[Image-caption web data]
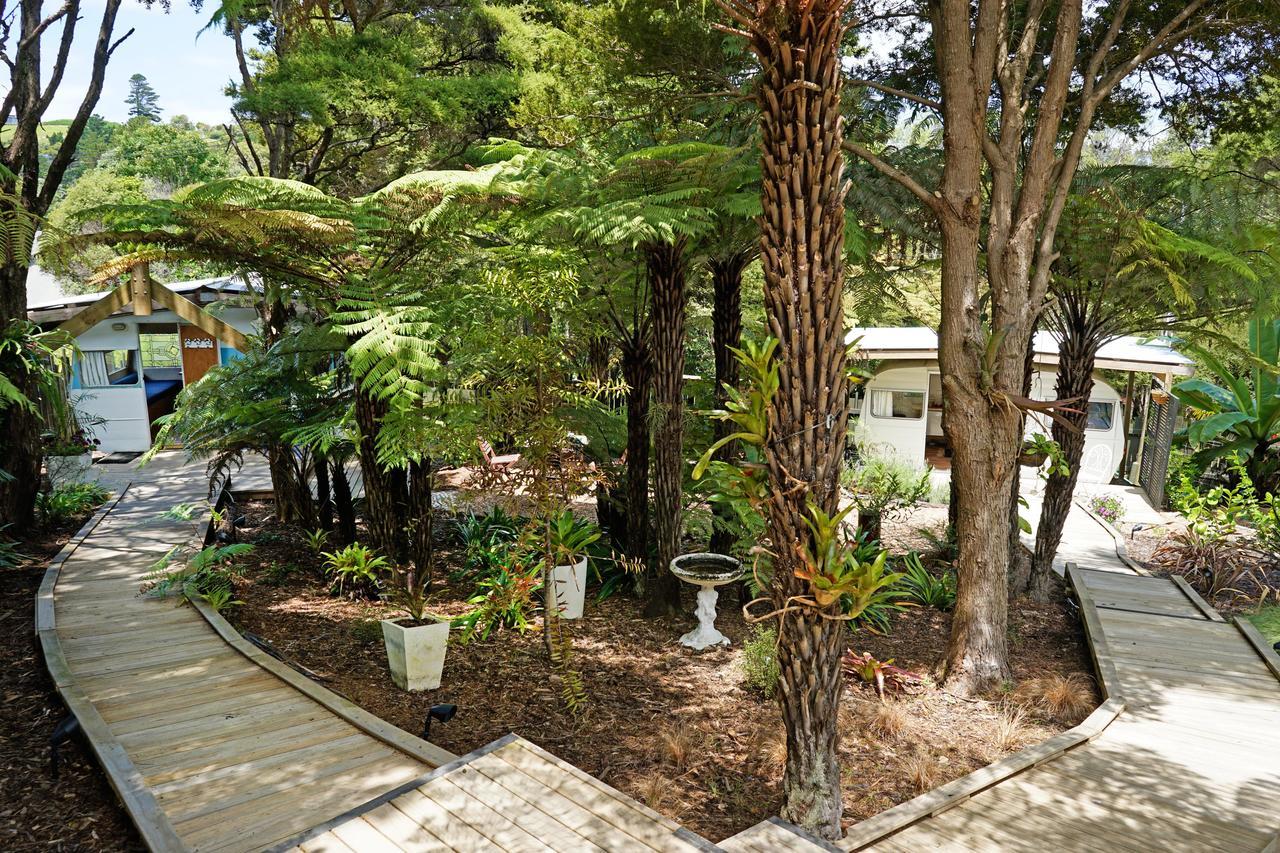 Wai-Knot Accommodation Onetangi Экстерьер фото
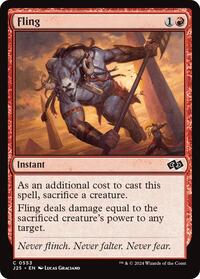 Fling, Foundations Jumpstart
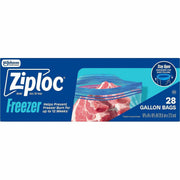 Ziploc&reg; Ziploc Grip n' Seal Freezer Bags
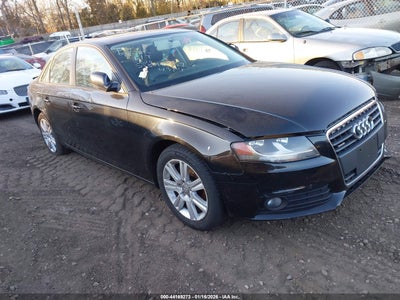 AUDI A4 2011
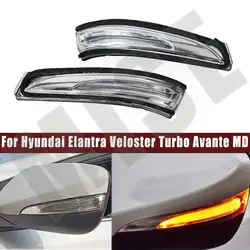 Luz intermitente espejo lateral Hyundai Elantra Veloster 2011-2015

# What to produce
Write out again only the lines from the line that contains "Fling, Foundations Jumpstart" through the last line of the records, both ends included, without any of the pictures.

# Solution to this problem
 Fling, Foundations Jumpstart
 Ziploc&reg; Ziploc Grip n' Seal Freezer Bags
 AUDI A4 2011
 Luz intermitente espejo lateral Hyundai Elantra Veloster 2011-2015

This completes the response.